Here’s how one restaurant group based in Chicago has done it.
Roti is known as the “Chipotle of Mediterranean food,” a quick lunch spot during the workweek. With restaurants in downtown Chicago and other central business districts around the country, they have been a popular lunch destination and catered many business meetings.
But suddenly, downtown offices went virtual. Roti temporarily closed several locations and furloughed hundreds of employees. They could’ve joined the thousands of restaurants closing their doors permanently. But they didn’t, because Roti’s brand marketing team went into “listening mode,” says Gina Fong, a Consumer Anthropologist and Insights Coach based in Chicago.
Effective leaders listen, says Fong. “They don’t merely listen to respond. They listen to understand. They do not come from a place of judgment and they get themselves out of the way.” In other words, they listen aggressively. Knowing this, Roti drew on coursework they completed with Fong, who teaches at Kellogg School of Management. They relied “on their social listening skills to understand what customers needed during such unprecedented times,” she says.
During crises like the Covid-19 pandemic, listening to customers has to come first—before a business tells any stories of their own. And truly understanding stories is not just a matter of collecting the first thing customers say. It’s about doing the work to truly facilitate stories.
Here’s what this requires from leaders.
When it comes to listening, this is how it breaks down for most people:
- 50% Listening… what is that?
- 20% Listening? But why?
- 20% Listening? I’m a good listener, let me tell you a time when I…
- 10% Listening! So, tell me…
Very few people are even aware of these three challenges they face at the same time:
- The importance of listening.
- That they’re lousy listeners.
- Listening requires curiosity and empathy.
In my own role as President and Chief Story Facilitator at Leadership Story Lab, I’ve found that listening well takes a certain level of objectivity—almost to the point of what I call caring indifference. We just never know what will come up in a story, and responding with shock, judgment or even sympathy will only shut the story down before it really gets going.
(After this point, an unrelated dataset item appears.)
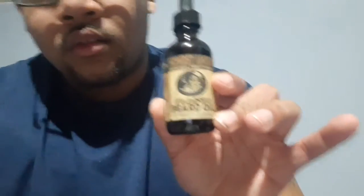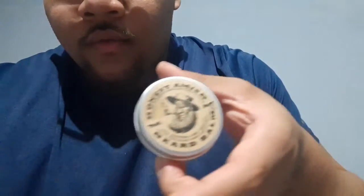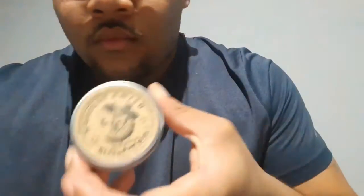I actually got it off of Amazon, so it comes with the beard oil. When my beard comes back and you start using the oil — the actual beard balm they have. I don't know if I'm gonna use that wax because my beard only gets so big.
Let me offer this extreme hypothetical example to make a point. Suppose someone says, “my favorite food is roasted ants.” You’re shocked, disgusted. But almost like a horror film, you can’t look away, so you press on. Because, if you want them to continue to provide the kind of information that can lead to a story, your response should be, “that’s interesting—tell me more! Where do you find these ants? How many different kinds of ants do you eat? What’s the best way to prepare them? Is there some food that pairs well with roasted ants? What beverages go especially well with them, enhancing the flavor of the ants? Oh, and when do you eat them? Are they more of a breakfast food, a snack, or a dinner?”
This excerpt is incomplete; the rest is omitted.